BELLEVILLE – Calling for state leaders to back up their bipartisan talk with action, State Representative George Darany (D-Dearborn) announced today that he will reintroduce the Hire Michigan First plan, an aggressive job-creation package that will put Michigan workers back on the job now by making sure they are first in line for the jobs their tax dollars create.

The Hire Michigan First plan supports working families by rewarding companies that employ Michigan workers and cracks down on those that hire undocumented workers.

“We need to make sure we’re rewarding the right businesses, and those are the ones that invest in our workers and our communities – not ones that bring in workers from other states,” Darany said. “As a former small business owner, I know how important it is to support businesses that are trying to do the right thing. We should all be working in a bipartisan manner to support businesses so they can create more jobs for Michigan workers. Hire Michigan First is a pro-business, pro-worker plan, and that’s why I support it.”

House Democrats passed the Hire Michigan First plan multiple times in past legislative sessions, but key provisions were gutted by the Republican-controlled Senate.
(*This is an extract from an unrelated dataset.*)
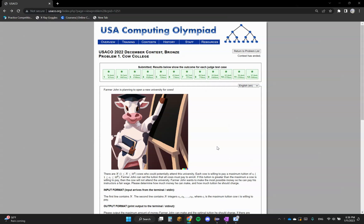Hi again, welcome back, and today I'm going to be solving the USACO 2022 December contest bronze problem one, Cow College.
The Hire Michigan First plan helps make sure that state economic development incentives and contracts are used to hire Michigan workers, not illegal immigrants or workers from other states. Michigan will spend nearly $3 billion this year on tax incentives for businesses, but there is currently no way for the state to determine how many jobs they create or if those jobs are going to Michigan workers. The plan to be reintroduced Tuesday:

• Gives companies that hire Michigan workers priority in the awarding of state tax incentives and other economic development tools.

• Creates transparency and accountability by requiring companies that accept incentives to report on who they hire to ensure that Michigan residents are put first.

• Cracks down on companies that hire undocumented workers by creating penalties that can include requiring them to pay back their tax incentives and barring them from future state contracts.